As the state of practice moved from Allowable Stress Design (ASD) to Load and Resistance Factor Design (LRFD), a new philosophy was introduced by addressing uncertainty in load and resistance separately and quantifying the variability associated with the parameters used in design. While this approach allowed engineers to have a higher degree of control over how much weight to assign to individual variables, the entire framework still rests on what is a subjective decision, namely, the probability of failure associated with the system. The way LRFD has evolved from a geotechnical perspective since the 1970s has taken the direction of calibrating design methods to a target reliability that is correlated to the probability of failure that was considered acceptable in ASD, depending on the mode of failure being analyzed (e.g., bearing resistance, side friction). This approach is more comprehensive than previous practice given that the variability of the predictive method is addressed in the resistance factor; however, there is an important aspect that has not been investigated in depth and has to do with the compatibility of the probability of failure used to develop LRFD for foundations versus the superstructure. While the basic formulation of LRFD equates factored resistance to factored loads, compatibility of reliability has not been clearly addressed by previous work. Typical probabilities of failure of one in a hundred or one in a thousand are used to develop resistance factors for redundant and non-redundant foundations, respectively, which do not match the values used in superstructure design. For non-redundant foundations, this discrepancy highlights the need to research the effect of discontinuities in target reliability to ensure the overall philosophy of LRFD is addressed comprehensively. Another critical aspect of design that requires a more in-depth analysis is the way engineers determine and analyze redundancy. A framework for the analysis of the gray area between single elements of support and fully redundant foundations, that evaluates probabilities in terms of the conditional behavior of the members of the group, has not been fully developed and would provide a continuation of the work initiated in NCHRP Report 458: Redundancy in Highway Bridge Substructures.

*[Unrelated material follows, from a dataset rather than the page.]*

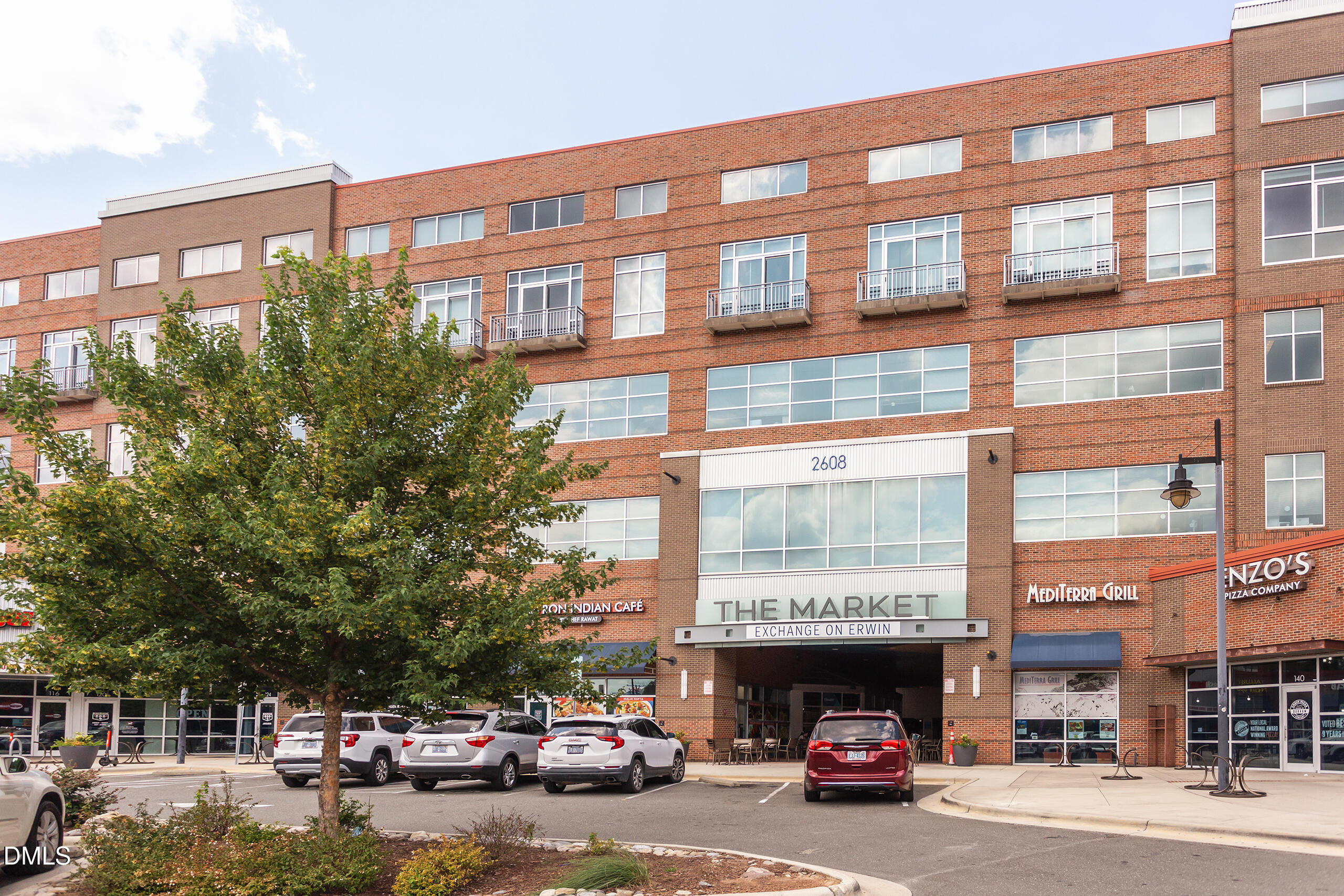 a car parked in front of a building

There is a need for research focused on both the evaluation of the reliability between system components and creating a framework of analysis for the development of resistance factors for single elements and non-redundant groups. The treatment of foundation redundancy in the AASHTO LRFD Bridge Design Specifications should be amended to provide flexibility across various foundation types, and additional clarification may aid consistency and compatibility with superstructure design. The increasing prevalence of large-diameter foundation elements requires more explicit consideration of foundation redundancy issues that has raised questions regarding current provisions and highlighted inconsistencies among different foundation types. Engineers need a practical and consistent means to address the complex issue of foundation redundancy for all foundation types and to provide resistance factors that are probabilistically compatible with the design philosophy used for the superstructure.

The objective of this research is to develop a guide for practitioners that (1) establishes criteria for the assessment of redundancy of superstructures and foundation components of bridge structures; (2) provides a consistent means to establish resistance factors for single foundation elements in line with the load demands and the probabilistic models used in LRFD; (3) includes a framework for the analysis of non-redundant foundation groups to fill the gap between single elements of support and fully redundant foundations; and (4) includes suggested language for code revisions suitable for consideration by the AASHTO Committee on Bridges and Structures.